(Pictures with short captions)
== Segment start ==
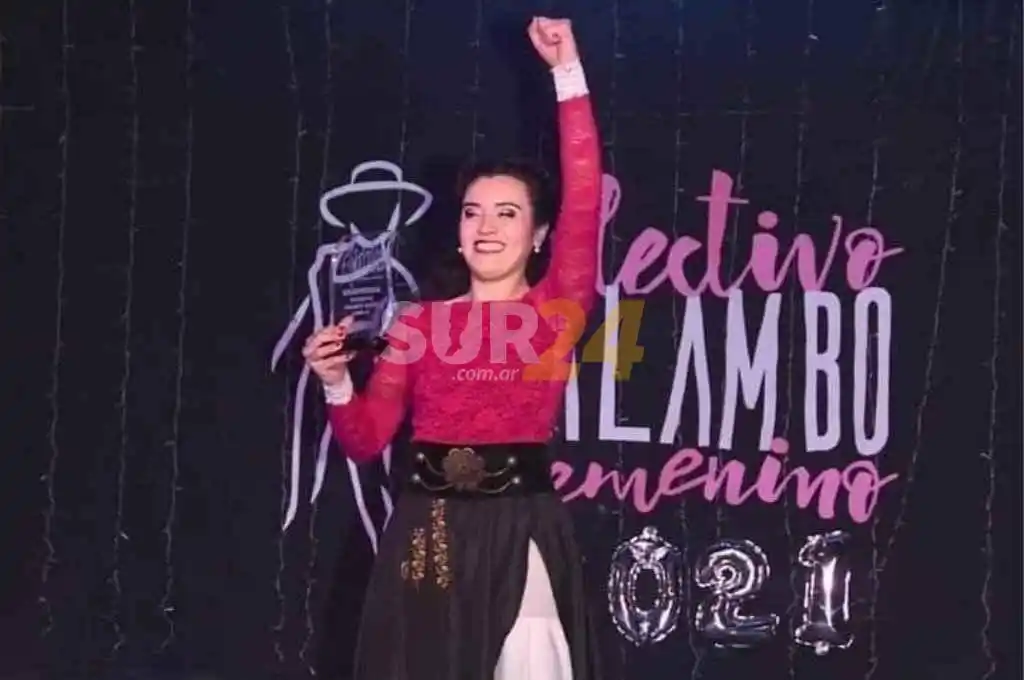 Una artista casildense se consagró campeona provincial de malambo por segunda vez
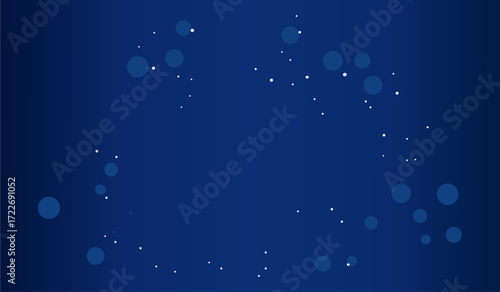 Dark blue background with glowing bokeh light effect, ideal for festive, holiday, and elegant design projects.
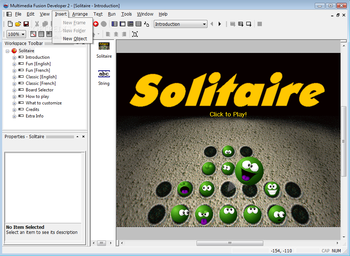 Multimedia Fusion Developer screenshot 2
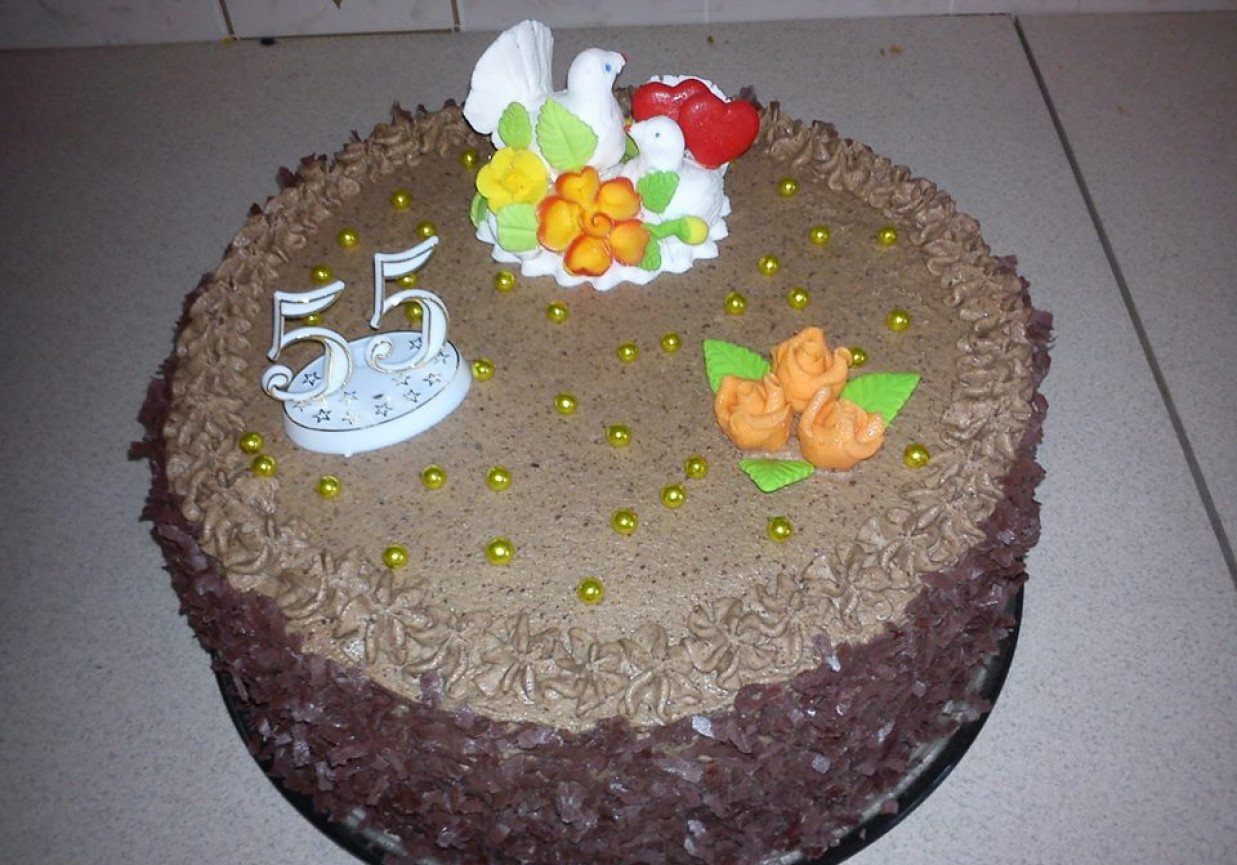 tort czekoladowo-wiśniowy  foto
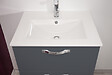 ONDEE - 2 Façades de tiroir MIXY - pour meuble de salle de bain - 80cm - Gris - Laqué - vignette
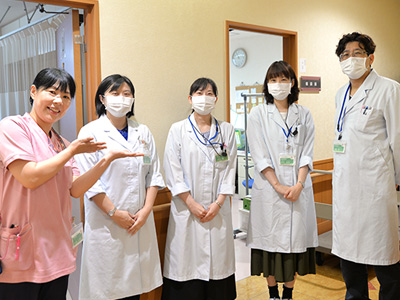三芳の森病院の医療相談室前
== Segment end ==
### Your instructions
Nothing but the exact text of the records should appear in your answer, with no pictures. Please write it out.

### Reply
 Una artista casildense se consagró campeona provincial de malambo por segunda vez
 Dark blue background with glowing bokeh light effect, ideal for festive, holiday, and elegant design projects.
 Multimedia Fusion Developer screenshot 2
 tort czekoladowo-wiśniowy  foto
 ONDEE - 2 Façades de tiroir MIXY - pour meuble de salle de bain - 80cm - Gris - Laqué - vignette
三芳の森病院の医療相談室前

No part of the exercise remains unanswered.